Considerations like these have obliged even the feckless Clinton State Department to abandon the treaty it sponsored. Now the United States must decide what to do about it. There are four main choices: wait and see, renegotiate it, subvert it, or fight it.
The wait-and-see option would mean giving the court time to establish itself, perhaps providing technical assistance so as to prevent it from acting too idiotically. This risks conferring undeserved legitimacy on the court without in any way curbing its potential to damage U.S. interests. This will be the course preferred by the squishiest officials of the Clinton State Department.
Renegotiation is perhaps the most dangerous alternative, and it’s (naturally) the course that the Clinton administration seems most interested in. It entails striking a rhetorical hard line against the treaty in its present form, while pleading with the treaty’s sponsors in Canada and Europe to offer the United States some concessions that might provide an excuse for an American signature. In other words: another round of bluster and irresolution leading inevitably to yet another humiliation.
In closely reasoned testimony before the Senate Foreign Relations Committee in late July, former assistant secretary of state John Bolton sketched out the third option. He argued that the United States should isolate the International Criminal Court: make clear that the U.S. will pay no heed to its decisions and refuse in any way to cooperate with its work, all with an eye to reducing its status to that of a UNESCO or some other futile U.N. bureaucracy where the nephews of African and Asian dictators find refuge. Meanwhile, Jesse Helms, chairman of the Foreign Relations Committee, is urging the Clinton administration to adopt the fourth option: combat the court directly — by, for example, refusing to keep troops on the soil of countries that have acceded to the treaty.

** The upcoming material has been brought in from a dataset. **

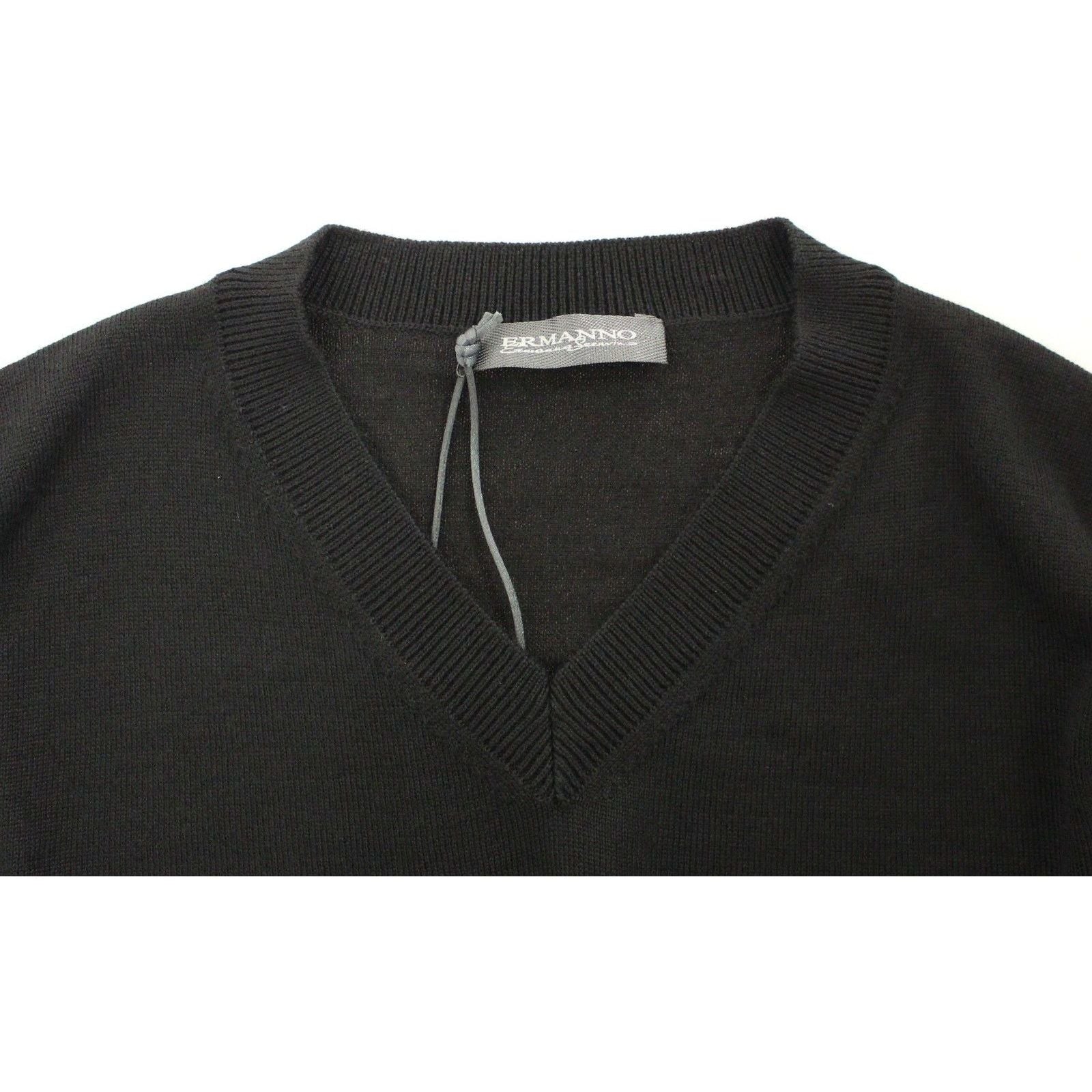 Ermanno Scervino Black Wool Blend V-Neck Sweater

Some combination of options three and four will emerge as the foreign policy of the next conservative administration. But in the meantime, there are three things that the United States should do immediately: announce its unwavering refusal to accept the jurisdiction of the court; reduce its contribution to the U.N. budget by a dollar for any dollar that the U.N. devotes to the International Criminal Court; and declare that any attempt by any country to arrest or interfere with any American at the behest of the court will be deemed an unfriendly act.
Among its many charming habits, the Clinton administration has repeatedly condemned all criticism of its foreign adventuring as “isolationism.” But if there is anything likely to stir up the old spirit of American isolationism, it is the arrogant attempt by a world body to displace American sovereignty and American law with unaccountable, unelected quasi-governmental world institutions. Real internationalism is, now and always, internationalism that defends and vindicates American interests and American constitutional values. It’s no paradox at all: Those who most want America to play a constructive role in the world must most vehemently insist that the International Criminal Court be junked.